- _What needs to be done_
Would you repeat exactly the part of the listing below that runs from the line containing "Rocking Chair ARSET Corduroy Off-White" down to the line containing "Brown Round Frame", inclusive, and nothing else?

- _Information supplied_
###
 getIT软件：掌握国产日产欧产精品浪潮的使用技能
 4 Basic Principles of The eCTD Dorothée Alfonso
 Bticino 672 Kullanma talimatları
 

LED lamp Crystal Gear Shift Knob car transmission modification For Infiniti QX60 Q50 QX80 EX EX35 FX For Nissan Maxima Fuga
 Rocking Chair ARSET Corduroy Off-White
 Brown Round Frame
###
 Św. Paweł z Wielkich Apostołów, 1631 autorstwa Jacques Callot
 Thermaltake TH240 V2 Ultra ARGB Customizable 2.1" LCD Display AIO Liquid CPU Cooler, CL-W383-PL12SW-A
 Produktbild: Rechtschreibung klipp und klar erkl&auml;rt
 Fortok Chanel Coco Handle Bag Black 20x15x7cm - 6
###
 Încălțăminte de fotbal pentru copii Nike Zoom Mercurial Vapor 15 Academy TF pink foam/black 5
###
- _Response area_
 Rocking Chair ARSET Corduroy Off-White
 Brown Round Frame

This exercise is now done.